It's been almost two weeks now since I started a new job. I'm still at the same company, but different boss, different department, different responsibilities. It's a very good opportunity for me, and I think I'm going to be good at it, ONCE THEY LET ME DO SOMETHING.
Therein lies my problem. I was at my old job for almost 5 years, and in that time I've forgotten what it's like to be the new kid on the block. I am officially in training, which means that when one of my new coworkers has work to do that I will need to know how to do, they come and get me and show me how to do it. We are rapidly running out of things that I haven't learned yet, so I sit at my desk a lot and read procedures (or blogs, but let's not mention that to my boss!).

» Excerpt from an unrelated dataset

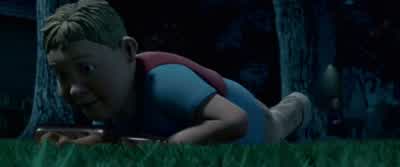 -Oh, no. - Monster House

I can't wait until I have real work to do again, but right now nobody really has anything for me (or else they don't trust me to do it? - NAH, that can't be it. :) ).

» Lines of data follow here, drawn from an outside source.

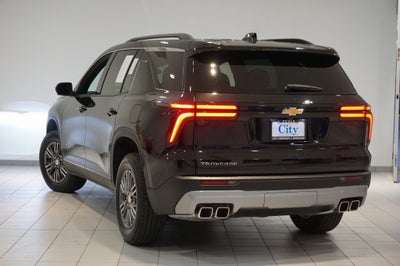 2025 Chevrolet Traverse LT 1LT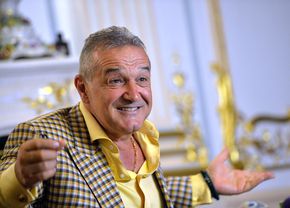A pus tunurile pe Becali după ce FCSB a fost eliminată din Conference League: „Se învârte ca o bicicletă fără lanț! N-a învățat nimic și e înconjurat de așa ziși specialiști care îi spun tâmpenii”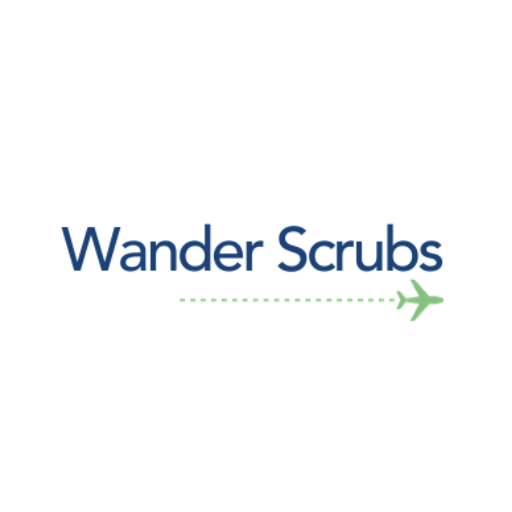Wander Scrubs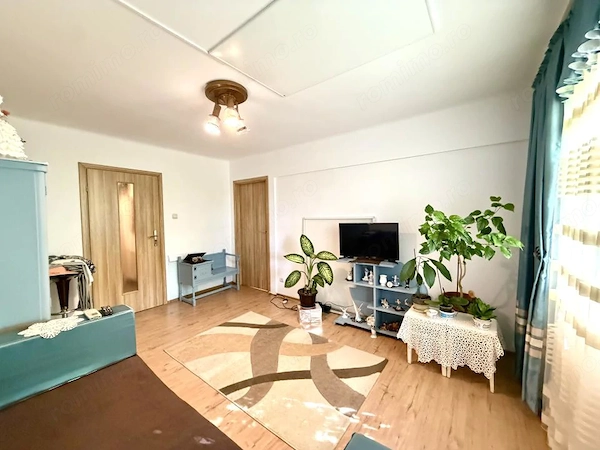 Apartament 2 camere, 44 mp utili, etaj 1 - Zona Elisabetin — fotografia 1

My husband also started a new job this week. My new position is a good step up for me, but his is HUGE -- a much better fit for him than his old job. Unfortunately, his new job is in a different location. We used to be able to commute together, but now I drive alone every day, and he can walk to his office from our house (unfair).

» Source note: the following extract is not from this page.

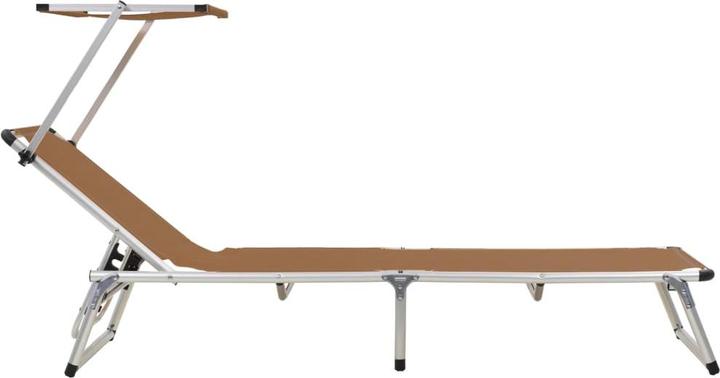 Immagine prodotto vidaXL Gartenliege (186 cm)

I have decided to use my new solitary commute time to improve my mind, so I went to the library and checked out some books-on-CD. Our library doesn't have a very big selection (conundrum -- the books are all on tape, and the new mommymobile mini-van doesn't have a cassette player -- what to do?). I was able to find some good stuff, though. Right now I'm listening to Langsten Hughes reading some of his own poetry. One of my favorites:
Hold fast to dreams,
for when dreams die,
life is a broken-winged bird that cannot fly.
I was surprised how moving it was to hear him explain his thoughts on his work, and to tell the stories behind some of the poems. He speaks a lot about his influences, as well, especially African-American music like blues and spirituals that affected the tones and rhythms he used.
A very wise man, Mr. Hughes. He understood that singin' the blues can put the whole thing in perspective so you can move on past it.